» What you need to do: Lines from the one containing "We're trying to" through the end of the material are to be retyped exactly; do not copy pictures.

» Data segment:
═══
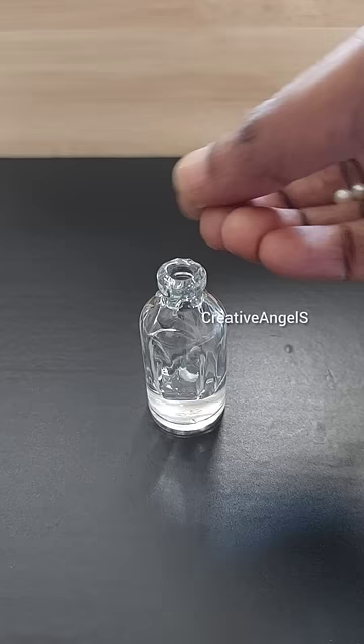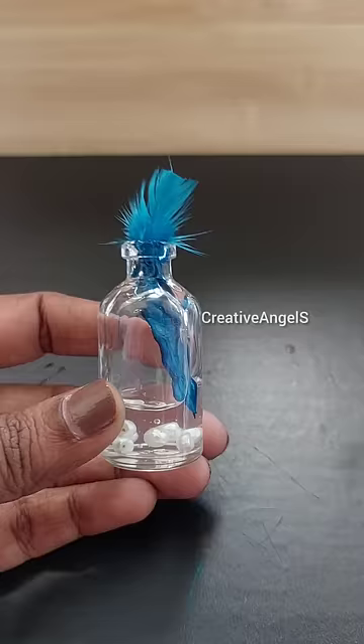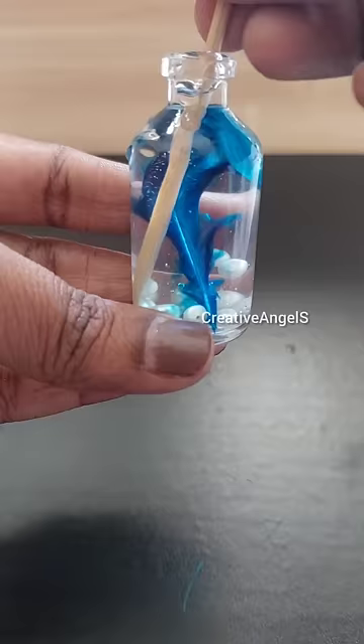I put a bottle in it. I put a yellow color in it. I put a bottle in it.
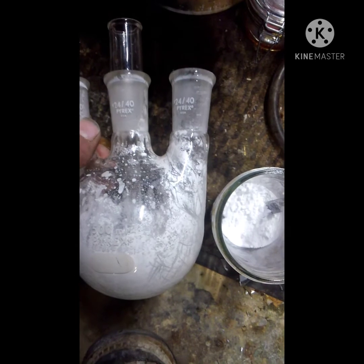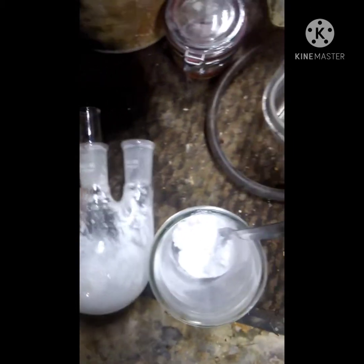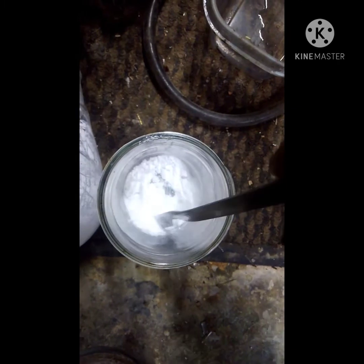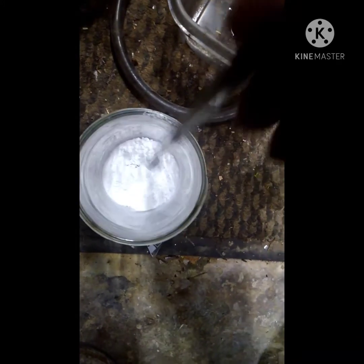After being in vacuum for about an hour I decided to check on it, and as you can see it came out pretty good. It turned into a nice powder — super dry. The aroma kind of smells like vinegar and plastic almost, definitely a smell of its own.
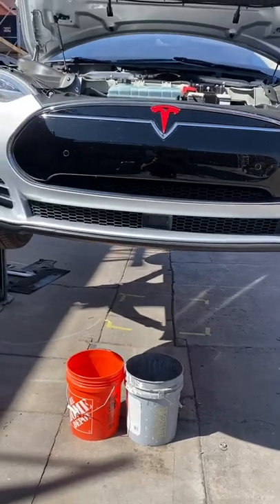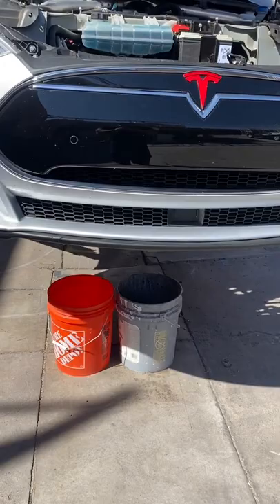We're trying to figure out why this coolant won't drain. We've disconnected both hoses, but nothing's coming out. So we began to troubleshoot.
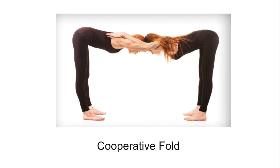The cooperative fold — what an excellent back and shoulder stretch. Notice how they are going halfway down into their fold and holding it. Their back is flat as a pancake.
═══
» Solution to the exercise:
We're trying to figure out why this coolant won't drain. We've disconnected both hoses, but nothing's coming out. So we began to troubleshoot.
The cooperative fold — what an excellent back and shoulder stretch. Notice how they are going halfway down into their fold and holding it. Their back is flat as a pancake.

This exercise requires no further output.